§ **EXERCISE INSTRUCTIONS**
An exact copy of every entry is needed, without the pictures.

##### DATA RECORDS

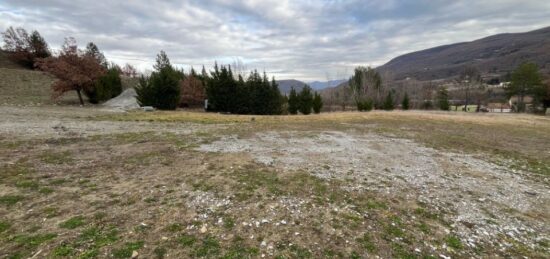 Terrain à bâtir à Bevons, Provence-Alpes-Côte d'Azur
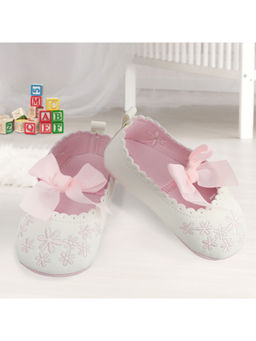 Baby Moo - Embroidered Floral White And Pink Booties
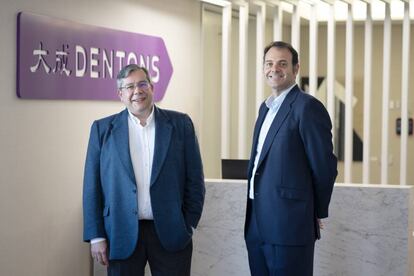 José María García Santos y Jabier Badiola, socio director de Dentons en España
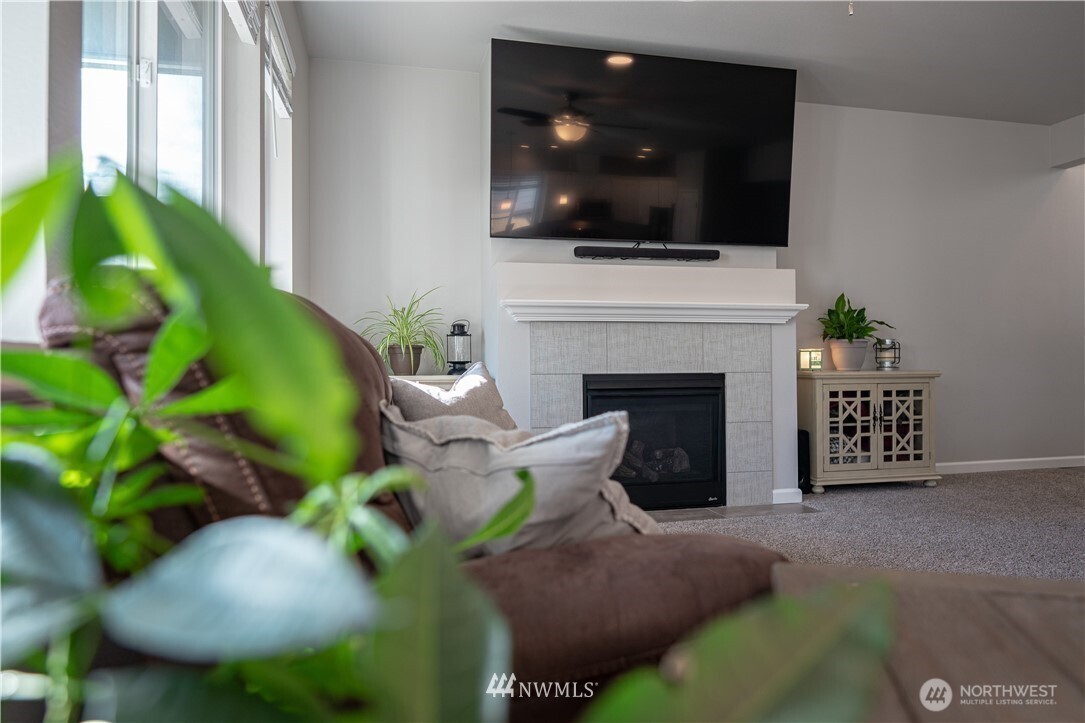 2422 200 Street Ct E, Spanaway, WA 98387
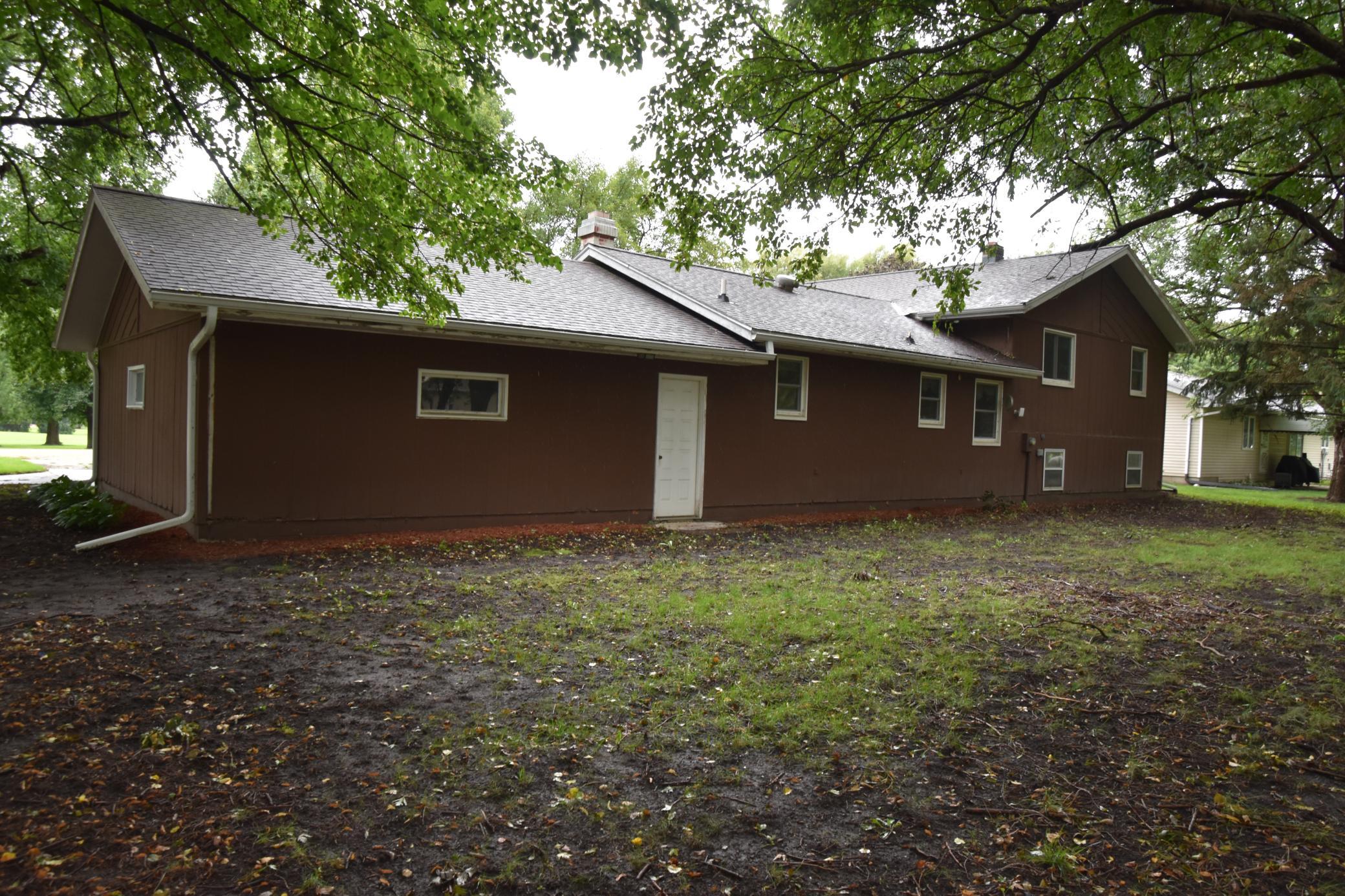 939 6th Street Property Photo 3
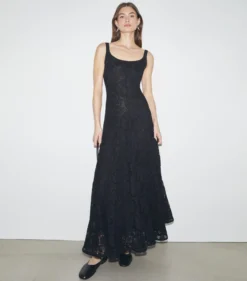 KLEID AUS FLORALER SPITZE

##########

§ **EXERCISE OUTPUT**
 Terrain à bâtir à Bevons, Provence-Alpes-Côte d'Azur
 Baby Moo - Embroidered Floral White And Pink Booties
 José María García Santos y Jabier Badiola, socio director de Dentons en España
 2422 200 Street Ct E, Spanaway, WA 98387
 939 6th Street Property Photo 3
 KLEID AUS FLORALER SPITZE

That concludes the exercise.